Всех, кого принимали, мы знали и верили в них. Каждый рассказывал о том, как он жил прежде, до войны, но все события предыдущей его жизни мало значили по сравнению с этой землянкой на переднем крае, в которой мы сидели плечом к плечу.
Когда мы разобрали десять заявлений и перешли к одиннадцатому, Фомичев, обладатель густого баса и крепкого кулака, которым он для убедительности то и дело грохотал по снарядному ящику, заменявшему нам стол, с таким ожесточением выступил против Логинова, что рекомендация Муромцева уже не могла поправить дела. А Логинов стоял тут же, у входа в блиндаж, в своей измазанной глиной шинели, хмуро слушал Фомичева и молчал.
Страсти разгорались. Не все были с Фомичевым согласны. Сорокин встал и сказал, что хоть Логинов и «психанул», перейдя через минное поле, но еще неизвестно, в каком бы виде явился после такой прогулочки и сам Фомичев. Выступили в защиту Логинова и другие. Голоса раскололись. Семь — «против», а семь — «за». Мой голос был пятнадцатый, и я подал его «против».
Фомичев резким движением протянул Логинову заявление. Тот взял его с каменным лицом, медленно сложил, осторожно перед этим расправив рекомендацию Муромцева, и спрятал в нагрудный карман. А потом так же молча повернулся и пошел по скрипучим ступенькам вверх.

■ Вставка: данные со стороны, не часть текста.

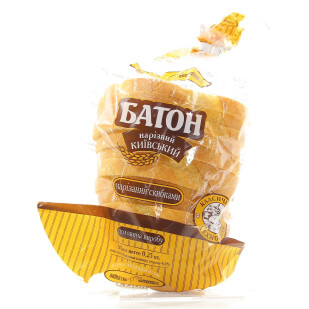 Батон Київхліб Киевский нарезной 250г  (4820136401290)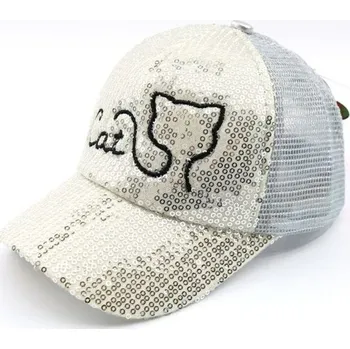 Kšiltovka Dětská kšiltovka s flitry bílá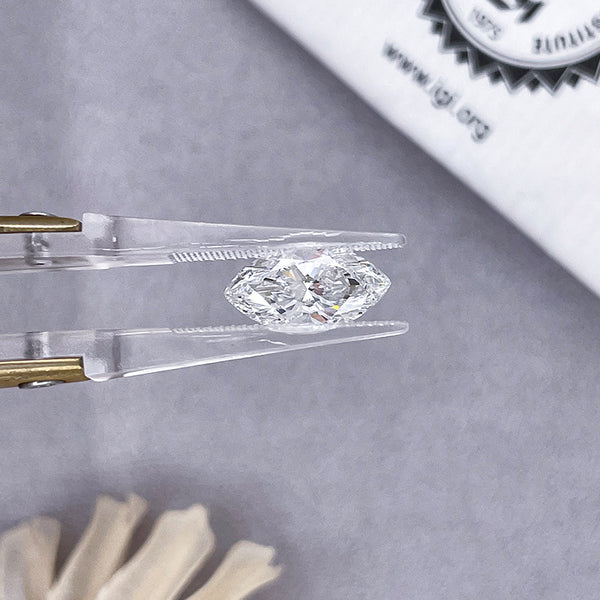 IGI Certified E Color Marquise Cut CVD Diamonds VS Clarity Lab Grown Diamonds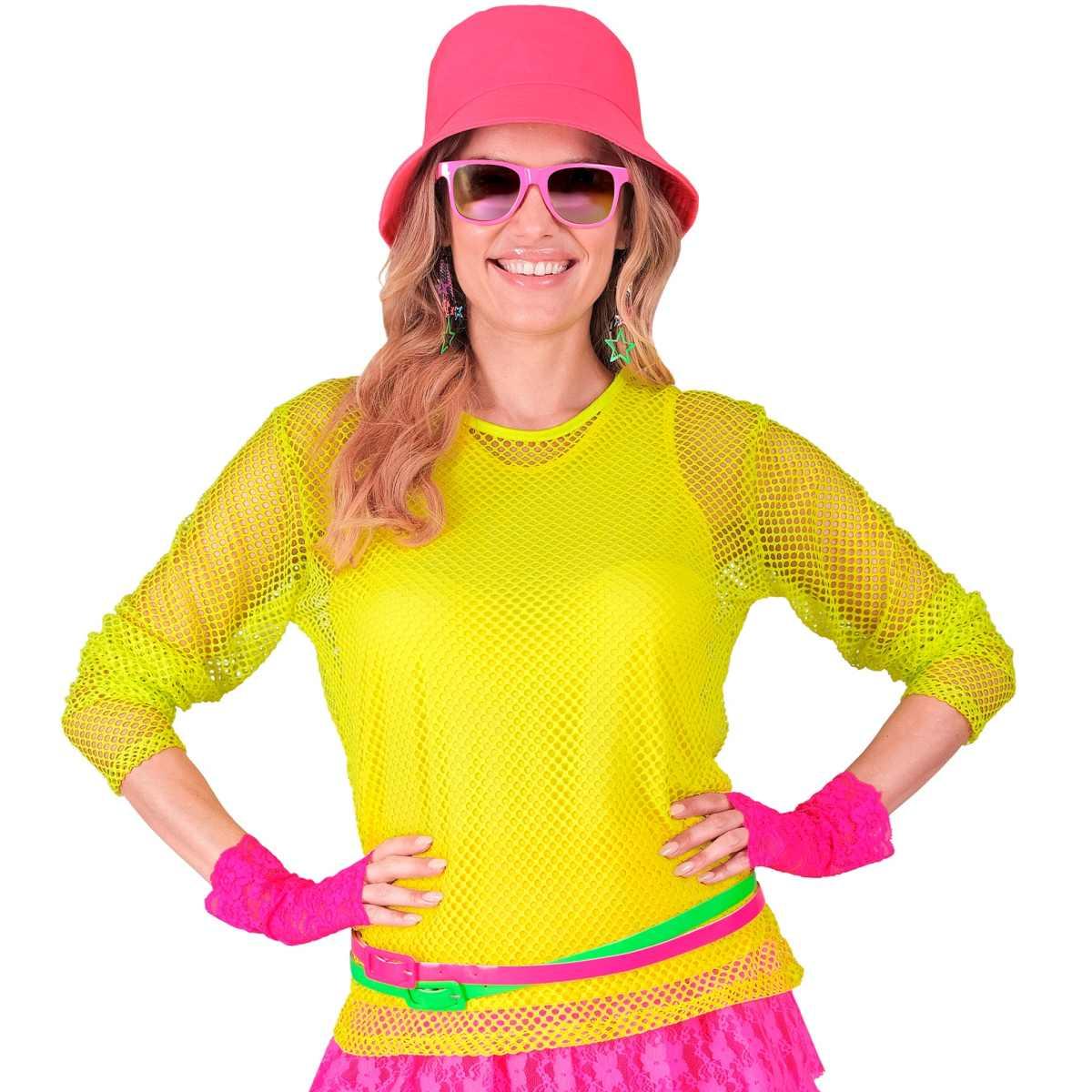 Maglia rete giallo fluo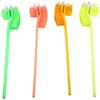 Improvhome Plastic Toilet Brush Set Of 2 Pieces (Multicolour) pack of 2 view 3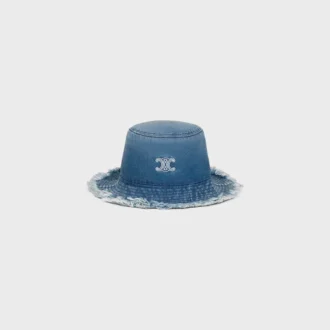 Triomphe-buckethat i bomullsdenim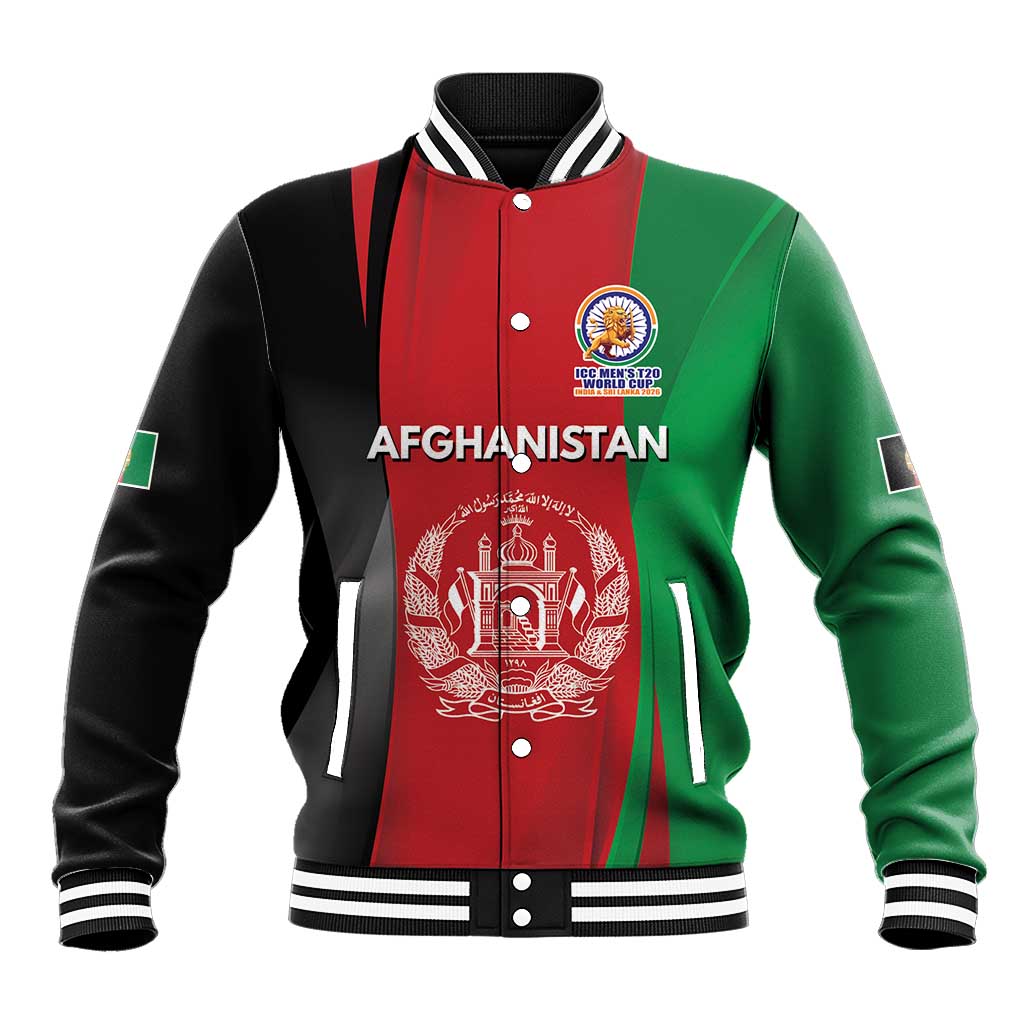 Custom Afghanistan Cricket Spirit 2026 Baseball Jacket World T20 Edition - Wonder Print Shop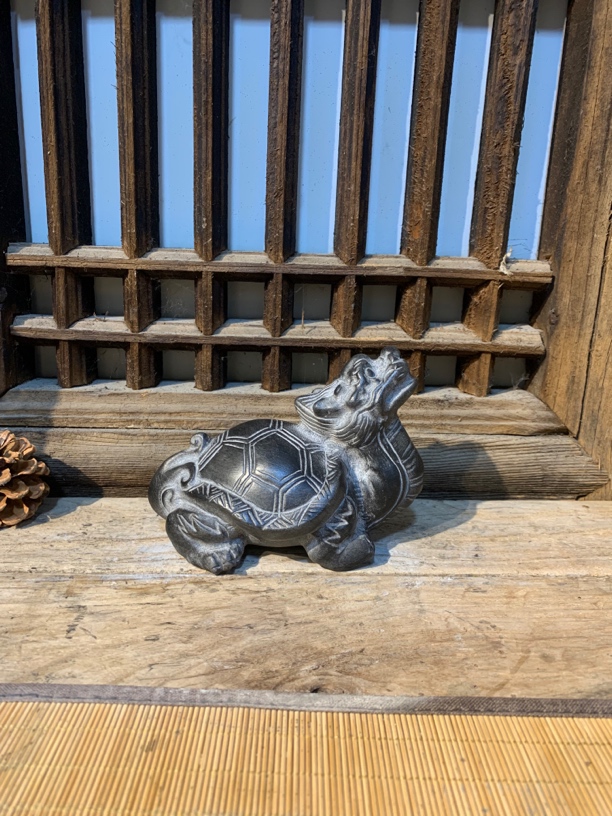 桌面工艺品手把件精美龙龟摆件
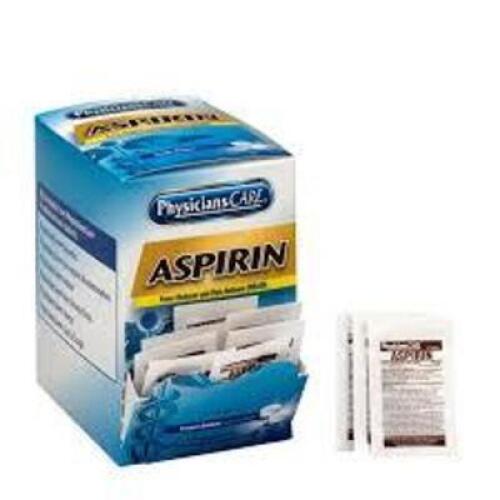 DESCRIPTION: (4) BOXES OF (100)&nbsp; ASPIRIN TABLETSBRAND/MODEL: PHYSICIANS CARERETAIL$: $22.98 EAQTY: 4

В блиндаже стало тихо. Даже Фомичев примолк. Несколько мгновений мы сидели молча, ощущая, что произошло что-то неладное, нехорошее.
Первым вскочил Сорокин.
— Обидели вы человека! — сказал он и, как-то горько махнув рукой, пошел вслед за Логиновым.
Я с тяжелым чувством вернулся к себе в блиндаж и прилег на нары. «Что же случилось? — думал я. — Почему я так уверен, что Логинов плох? Только потому, что он не нравится Фомичеву… Но Фомичев и сам не очень-то разбирается в людях. Муромцев его не раз осаживал. И вообще, имел ли я право умолчать о последнем разговоре с Муромцевым? Ведь только я один и знаю о нем. Будь старик жив, он наверняка бы убедил собрание принять Логинова. Ну а его рекомендация — это ведь тоже не пустяки. Вроде завещания, так сказать…» Я думал, думал, и сон бежал от меня. До этой ночи я никогда не ощущал, что нары такие жесткие, — настоящим счастьем для меня было обычно свалиться на эти покрытые шинелью доски, а сейчас я пролежал на них все бока.